Saturday, April 27, 2013

A presidential library complex


The Hoover library at West Branch.

The unveiling this week of George W. Bush's presidential library in Dallas was enough to give Iowans a complex --- if enough of us worried much about stuff like this.

It was revealed that not only is our presidential library (the Herbert Hoover at West Branch) the smallest of the National Archives and Records Administration's thirteen (at 47,000 square feet), but that it also has the smallest collection of documents and artifacts and managed to attract the least number of visitors last year (44,549).

Oh well.
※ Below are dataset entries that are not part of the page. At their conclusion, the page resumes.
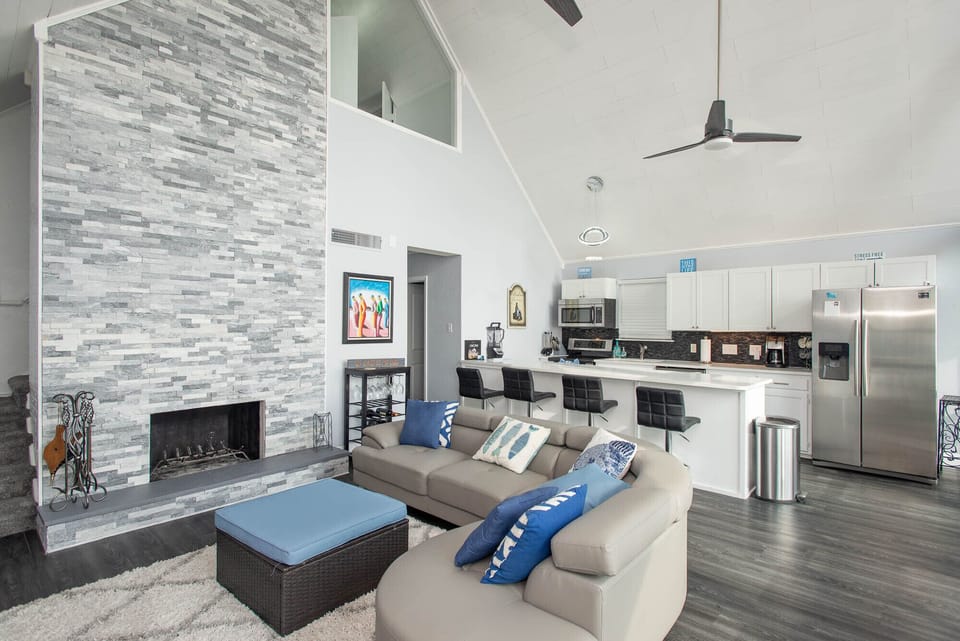 The kitchen with room for cooking, entertaining and eating!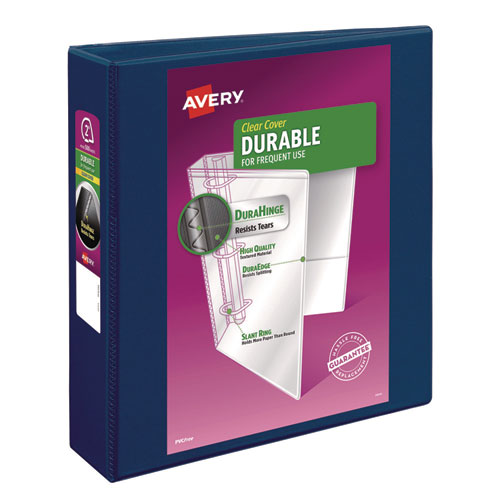 Image of Avery® Durable View Binder With Durahinge And Slant Rings, 3 Rings, 2" Capacity, 11 X 8.5, Blue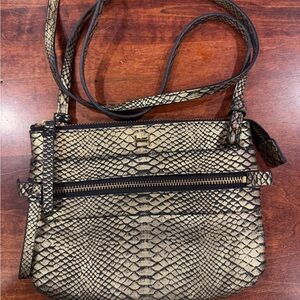 Halston Heritage Gold and Black Crossbody Bag with Sleek Design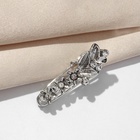 Булавка «Цветы и листья», 2,8 см, цвет белый в чернёном серебре - фото 27197702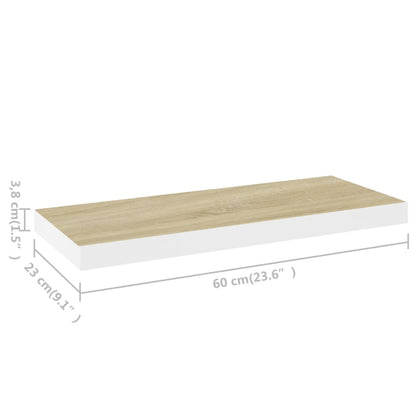 Plovoucí Nástěnné Police 2 Ks Dub A Bílé 60 X 23,5 X 3,8 Cm Mdf Dub A Bílá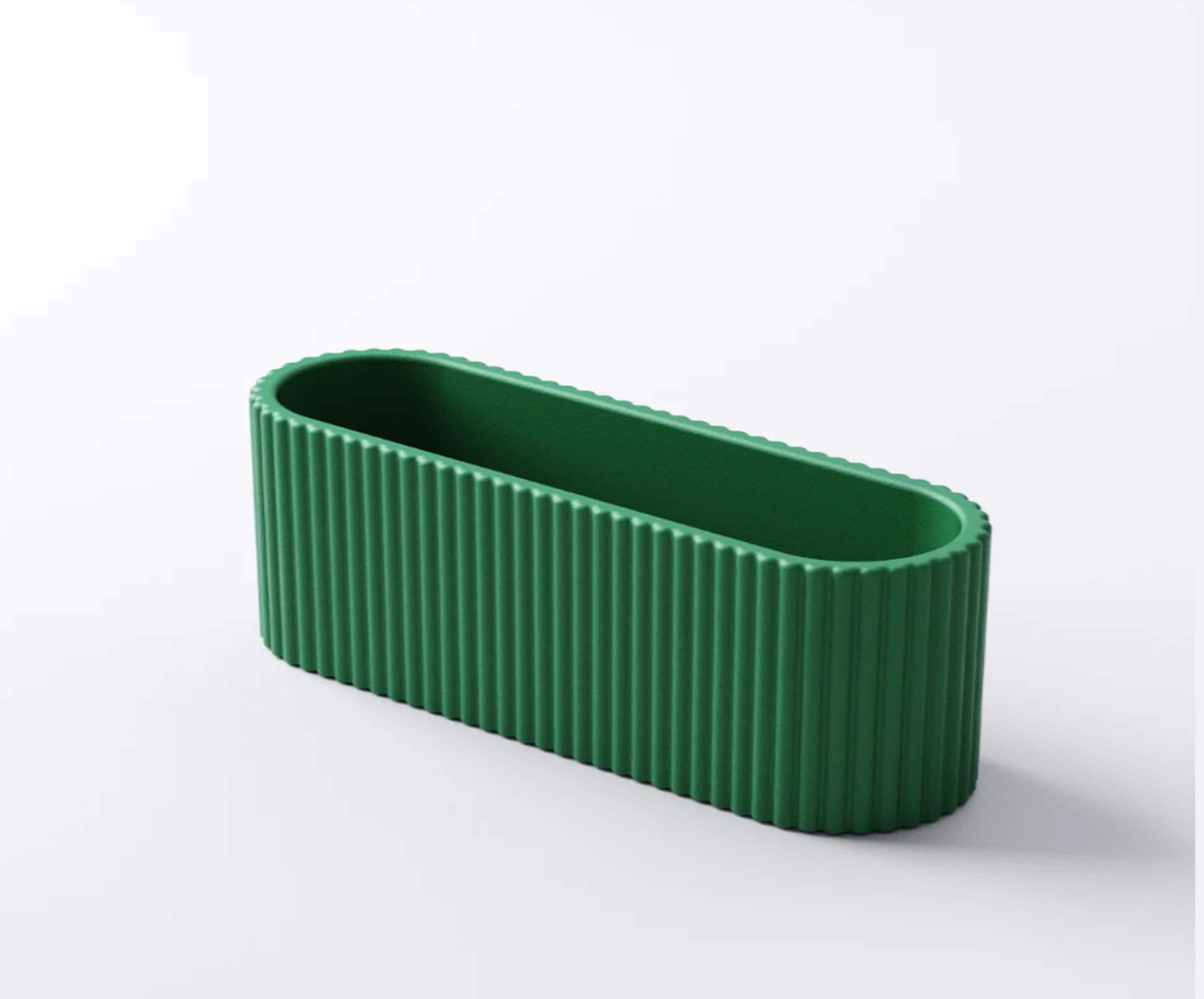 Ribbed business card holder |  modern fluted design | desk stand office reception | 1, 2, 3 compartments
Hoover wasn't much of a president, although like others he did have his moments before and after.

On the other hand, neither was George W. Bush, who seems to have had no moments of excellence before, during or after (in all fairness, he probably has a good number of years left and once he learns how to paint has the potential to do something useful).


His library is not only the largest (226,560 square feet) but also the most expensive ($250 million). Designed by Robert A.M. Stern, dean of architecture at Yale, it also continues the noble tradition of presidential library butt-ugliness. In other places and circumstances, it would be mistaken for an abandoned warehouse and converted into loft living spaces.

I read somewhere it was designed to blend with the prevailing architecture at Southern Methodist University, whose campus it shares, which must be fairly awful.

At least the Hoover is inoffensive and hasn't obliterated more than its fair share of Iowa farm land.


My favorite of the presidential library bunch is I.M. Pei's John F. Kennedy in Boston. But then I'm a Pei groupie, even though his wing of the Des Moines Art Center does make me a little nervous. I like the Richard Meier wing there best, despite its problematic roof.